• [DATASET CONTENT]:

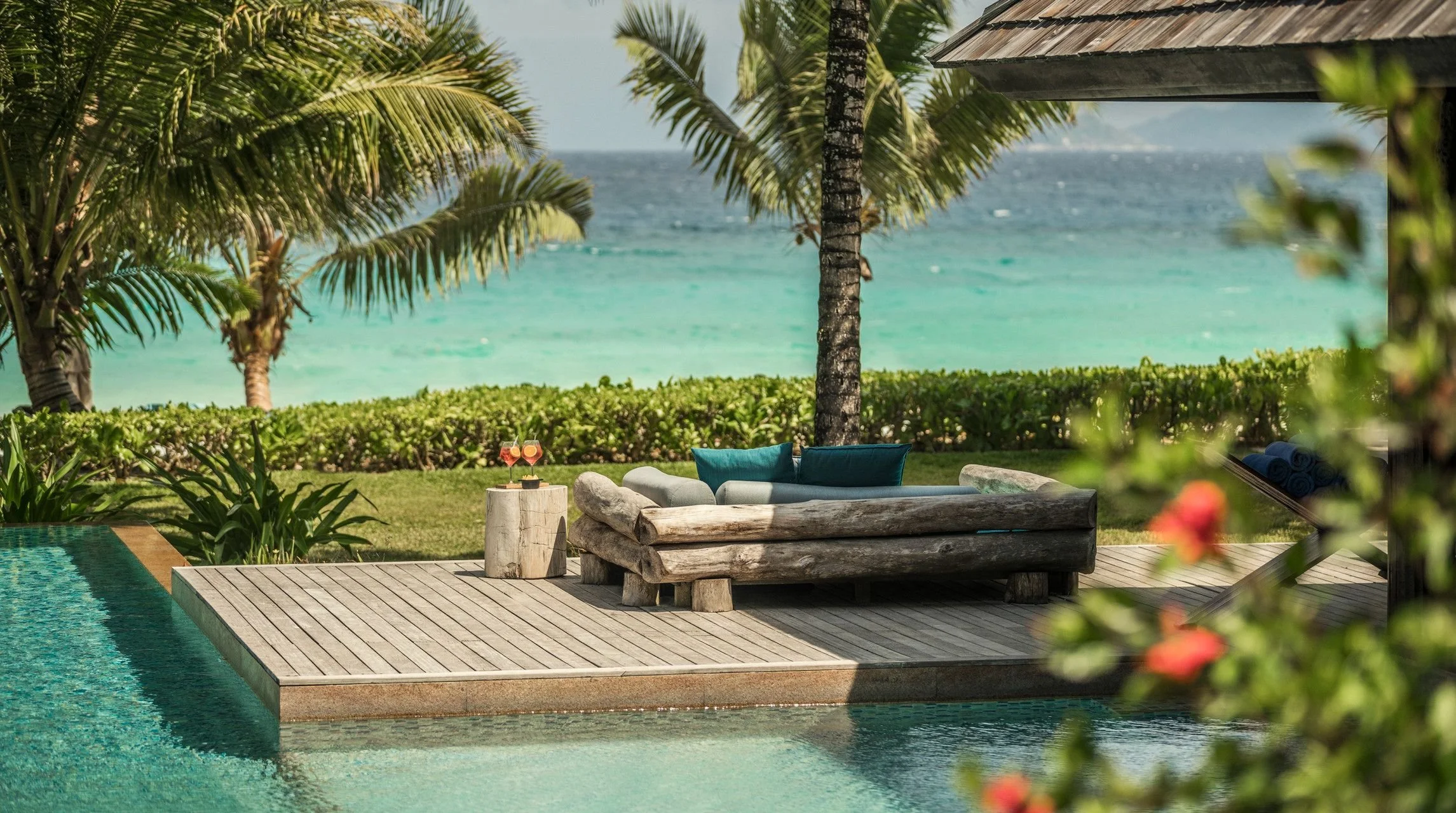 A poolside seating area with a view of the ocean, tropical trees, and lush greenery in the background. The seating includes a rustic wooden bench with turquoise cushions, a small stone table with two drinks, and rolled towels.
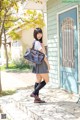 A woman in a school uniform is standing outside of a house.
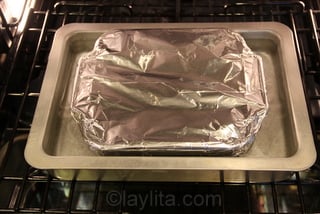 Cover with foil and bake in an oven bath at 425F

• [EXERCISE]:
Could you repeat all of the data exactly, minus the pictures?

• [WRITTEN RESPONSE]:
 A poolside seating area with a view of the ocean, tropical trees, and lush greenery in the background. The seating includes a rustic wooden bench with turquoise cushions, a small stone table with two drinks, and rolled towels.
 A woman in a school uniform is standing outside of a house.
 Cover with foil and bake in an oven bath at 425F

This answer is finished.